Le grand homme de la Renaissance n'est certainement pas le condottiere (comme le prétendent les capitaines d'industrie contemporains), mais l'imprimeur ; du latin imprimere, signifiant "presser, appuyer". Il est intéressant de noter que le premier sens du mot imprimer était "provoquer un sentiment", que nous avons adopté ensuite sous la forme "impressionner".
Il serait sans doute erronné de croire que le vocabulaire éditorial a suivi cette noble carrière historique ; en fait, le choix de tous ces termes latins n'est que le résultat d'une mode, celle du classicisme, qui remonte à la charnière des XVIIe et XVIIIe siècles. Jusqu'à peu de temps avant la Révolution, nul ne s'était soucié de droits d'auteur ou de légitimité des documents reproduits, et chacun se chargeait de fabriquer sous la forme qui lui convenait tout ce qu'il voulait ou pouvait ou savait reproduire à partir d'un modèle, dont l'authenticité n'avait même pas à être prouvée ni garantie. Aujourd'hui encore, dans les pays non soumis à des lois réglementant le droit d'auteur, n'importe qui peut s'improviser éditeur et publier n'importe quel texte sans rien devoir à quiconque. On peut même publier une traduction sans mentionner qu'il s'agit d'un texte écrit par quelqu'un d'autre !

Les lecteurs sensibles se demanderont comment les écrivains font pour survivre dans de telles circonstances, face à une adversité aussi hostile, insidieuse et polymorphe.
C'est d'abord l'État-providence qui nous aide à nous en sortir en nous accordant (parfois) un revenu dit d'insertion sociale ou minimum ou tout autre formule en vigueur inventée par des technocrates bon teint soucieux de ne pas laisser mourir leur cheptel d'électeurs.
Plus généralement, pour se permettre d'être écrivain, il faut avoir un train de vie minimaliste, à peu près égal au seuil de pauvreté2. Il faut surtout être dégagé de toute angoisse financière. Cela peut être le cas lorsque nous avons une famille qui pratique le sacrifice ou l'"investissement affectif" (le devoir filial de soutenir un écrivain né en son sein). Ce n'est évidemment pas très courant ni, peut-être, souhaitable.
En réalité, la proportion d'écrivains capables de gérer l'aspect comptable de leur carrière est la même que celle de toutes les classes d'artistes : à peu près nulle.
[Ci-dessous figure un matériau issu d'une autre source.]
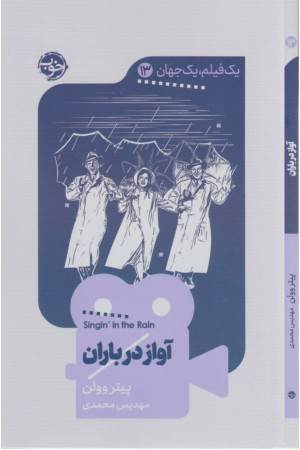 آواز در باران (یک فیلم یک جهان 13)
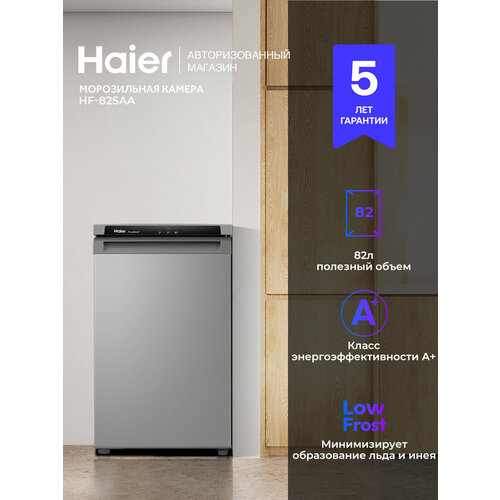 фото Морозильная камера haier hf-82saa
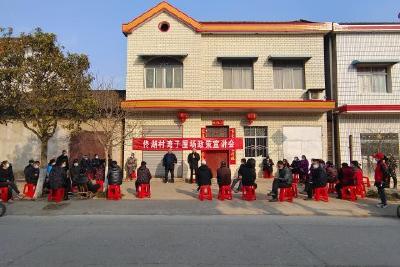 庙前镇：湾子屋场来开会 共话农事谋发展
C'est précisément grâce à ce défaut inhérent (artiste = rêveur = tête-en-l'air = pigeon bon à plumer) que la petite-bourgeoisie du XIXe siècle (celle qui a maté les Révolutions) continue à maintenir la caste des artistes au-dessous d'elle : parce que, du point de vue bourgeois, le comptable sera toujours plus respectable que l'artiste. Et la Justice écoute plus volontiers le comptable – qui s'énerve peu et parle le même langage qu'elle – que l'artiste – lequel a le culot de s'agiter dès qu'on touche à son droit moral ou pire, à son œuvre.
Que l'on considère l'histoire récente de la littérature, et l'on verra que (mis à part les rares génies et quelques individus bien-tombés3) les seuls artistes à avoir eu une longue et brillante carrière sont ceux qui :
- soit avaient une âme de comptable4 ;
- soit étaient mariés ou avaient pour meilleur/e ami/e un homme ou une femme de finance ;
- soit étaient enfants d'artistes ayant déjà socialement "réussi" (comme des recettes, en quelque sorte).
Les autres sont restés modestes de leur vivant et ont été le plus souvent oubliés sitôt décédés, parfois même plus tôt encore. Tout le monde ne peut pas avoir la "chance" de rencontrer le destin de Fernando Pessoa (la malle de feuillets pleine à craquer et la schizophrénie contrôlée), de Valérie Valère (le stock de nouvelles et lettres, les débuts de romans qu'elle a laissés dans l'appartement où son cadavre est resté deux semaines avant qu'on ne la trouve), de Raymond Carver (ses écrits ont été charcutés de son vivant ; rééditons-les sous leur forme première ; le public jugera... et paiera deux fois), de D. H. Lawrence (il était en avance sur son temps ? Bon plan ; rééditons ses livres, on n'aura pas à le payer, puisqu'il est mort), de H.P. Lovecraft (aucune de ses histoires n'a eu le moindre succès de son vivant ; pas grave, on récupère tout, et nous, ses amis de toujours, nous les publierons pour que ses enfants en profitent ; même s'il n'en a pas eu) ; Henri Michaux a demandé par testament que ses livres ne soient plus ré-édités ? Faisons casser ça, au nom de la culture, et continuons à empocher le pognon..
Ad nauseam.
Tout ce foutoir savamment entretenu par les querelles incessantes n'a qu'un seul but : faire oublier que le seul détenteur de l'autorité sur un texte, c'est celui qui l'a écrit. C'est le sens même du mot autorité, dont la racine est la même que les mots auteur, ajouter, augmenter... On peut remonter plus loin encore qu'au latin des Romains : d'après Chantraine, « Autorité, auctoritas, auctor, auteur, sont à rapprocher du sanscrit otas, qui indique la force des dieux. »
De quoi regonfler le moral ?

Le manque de talent n'est pas un délit et les livres mal écrits seront toujours parmi nous pour mettre notre charité à l'épreuve. Pour ce qui est des éditeurs et de la publicité mensongère, la mise en vente d'un livre sous couvert d'un autre est à tout le moins un crime éthique, et c'est pour de telles circonstances que nous avons été chargés d'une conscience. C'est nous les lecteurs qui détenont la responsabilité finale.
Alberto MANGUEL


2.2 L'EGALITE OU LEGALITE ? ou "Faudrait savoir, mon coco !"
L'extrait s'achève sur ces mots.